Тот вариант символизма, который в России был с наибольшей последовательностью теоретически кодифицирован и практически реализован Вяч. Ивановым, уходит своими корнями в немецкую романтику. Вяч. Иванов, любовно переводивший Новалиса и разрабатывавший концепцию символа, как указывалось выше, в согласии с Шеллингом, отлично отдавал себе в этом отчет. А немецкая романтика, как и русский символизм, соседствовала со стихией революции; правда, ее место в истории определяется не столько предшествованием революции (1848 г. [126]), сколько последованием за французской революцией и переживанием ее опыта. Так вот, если мы попытаемся понять и истолковать это переживание в однозначных терминах общественной этики, позиция немецких романтиков предстанет мало понятной и рискует нас оттолкнуть: старозаветным консерватизмом, опасно-мечтательным культом народного предания — на поверхности, рискованной игрой с наирадикальнейшими новыми возможностями — на глубине. Скажем, «Люцинда» Фридриха фон Шлегеля (1799 г.), удостоившаяся комментариев теолога романтики Шлейермахера, определенно предвосхищала идеи символистского раскрепощения Эроса, если уж не говорить о нынешней «сексуальной революции»; очень многое в составе немецкой романтики указывало в направлении феминизма; все «консервативное», что мы встречаем, например, в знаменитых фрагментах Новалиса, каждое мгновение готово обернуться собственной противоположностью. Ибо проблема немецкой романтики — отнюдь не ответ на те или иные события, остающиеся в пределах политики, но угадывание долгосрочных антропологических сдвигов, которые касаются самой человеческой «природы» и «сущности».
Представляется возможным определить тот тип мысли и творчества, к которому в равной степени принадлежали Новалис и Вяч. Иванов, по доминирующему признаку сосредоточенности на антропологической проблеме; и признак этот соответствует состояниям культуры, когда «сущность» человека выходит из прежнего тождества себе.

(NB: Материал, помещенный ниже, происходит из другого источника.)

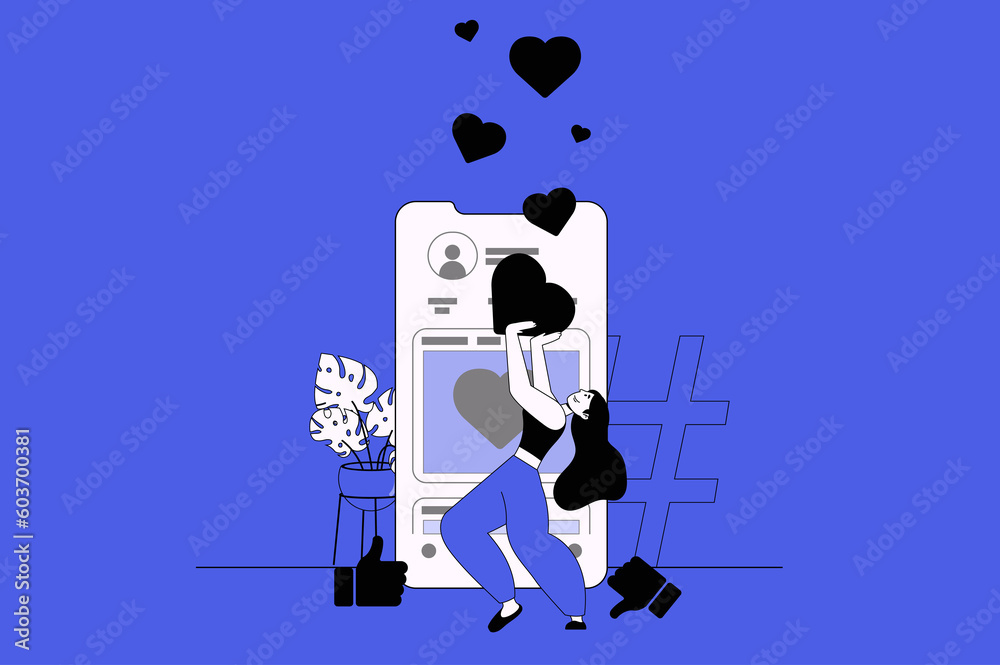 Leinwandbilder social media platform web concept with character scene in flat design. people likes post using mobil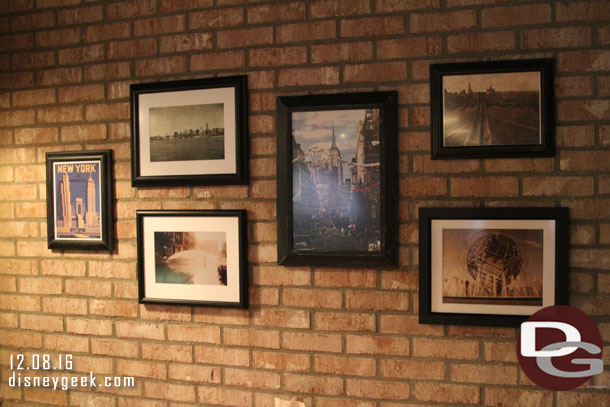 The walls upstairs have pictures from New York on them.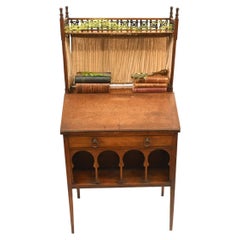 Arts and Crafts Desk, Antique Walnut Bureau, 1890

Если видеть задачу писателя и мыслителя в том, чтобы на моралистическо-алармистский манер, возможно однозначнее и возможно громче вовремя предупредить широкий круг своих сограждан по человечеству о сугубо конкретной грозящей опасности, — признаем, что решением этой задачи русская литература Серебряного века вообще не очень занималась. Но упомянутая задача, будучи достойной и серьезной, никак не является единственной.

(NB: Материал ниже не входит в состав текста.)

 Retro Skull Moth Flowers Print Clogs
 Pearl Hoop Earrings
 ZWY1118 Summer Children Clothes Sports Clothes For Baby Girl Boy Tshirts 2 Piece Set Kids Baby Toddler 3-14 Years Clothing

Вопрос «Вяч. Иванов и революция» неправомерно сводить к более узкому и частному вопросу: «Вяч. Иванов и октябрьская революция» (или даже чуть шире: «Вяч. Иванов и русская революция»). Поэт и мыслитель, широко ставивший вопросы, приобретшие расхожую и банализирующуюся актуальность не столько в первой, сколько во второй половине XX столетия, — скажем, вопрос о новой роли женщины, — столь провинциального подхода к себе во всяком случае не заслужил. Взгляды Вяч. Иванова на грядущий переход от «келейного» искусства к всенародным «орхестрам» на площади — и вправду вульгаризовавшиеся в теории и практике массового политического «действа» раннебольшевистской поры — благоразумно соотносить с очень широким кругом явлений искусства и жизни XX века. Даже если соотнесение это будет неизбежно во многих пунктах носить характер более или менее горькой иронии, когда придется повести речь о «массовой», «молодежной» и прочих субкультурах — вспомним, однако, одухотворение «молодежной» субкультуры в практике Taiz?! — сама ирония эта будет содержательнее, чем непременное замыкание вопроса на советской пропаганде и советской же «самодеятельности», которое было по весьма уважительным причинам неизбежно для Н. Я. Мандельштам.

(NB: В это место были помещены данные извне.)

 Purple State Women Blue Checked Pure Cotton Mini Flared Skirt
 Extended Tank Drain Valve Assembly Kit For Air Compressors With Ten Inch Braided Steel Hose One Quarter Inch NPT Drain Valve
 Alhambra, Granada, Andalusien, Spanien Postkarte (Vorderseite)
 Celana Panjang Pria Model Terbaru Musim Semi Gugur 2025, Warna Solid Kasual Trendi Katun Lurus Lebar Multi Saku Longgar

Вопрос о «правоте» или «неправоте» ряда аспектов философской позиции Вяч. Иванова, по-видимому, останется открытым надолго, если уж не прямо до конца истории. Не надо забывать, что мысль поэта чаще ставила вопросы, нежели предлагала ответы, и что прогноз не есть еще безоговорочное одобрение прогнозируемого, как и определяющий эмоциональную окраску ивановских прогнозов ницшевский «аmоr fati» заведомо не тождественен историческому оптимизму. Развитие мысли Вяч. Иванова очевидным образом ведет от сравнительно однозначных перспектив лекции 1907 г. «О веселом ремесле и умном веселии» к несравнимо более нюансированным оценкам ситуации в более поздних трудах.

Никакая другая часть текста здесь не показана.